=== Assignment ===
Restate each line below word for word, skipping every picture.

=== Data section ===
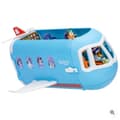 Miniatyrbillede 3 af 11: Bluey 3-in-1 Transforming Plane Playset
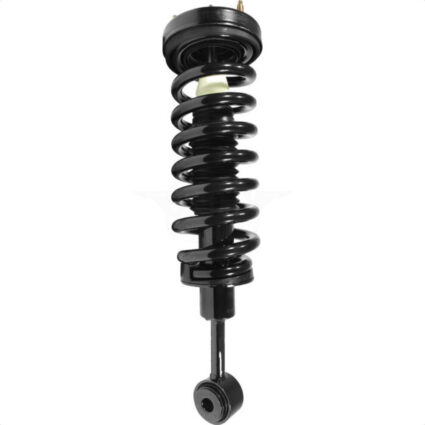 Front Suspension Strut Coil Spring Assembly 78A-11204 For Ford F-150 Lincoln Mark LT 4WD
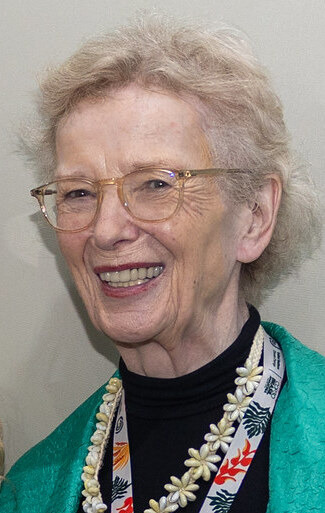 Mary Robinson Mary Robinson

=== Output below ===
 Miniatyrbillede 3 af 11: Bluey 3-in-1 Transforming Plane Playset
 Front Suspension Strut Coil Spring Assembly 78A-11204 For Ford F-150 Lincoln Mark LT 4WD
 Mary Robinson Mary Robinson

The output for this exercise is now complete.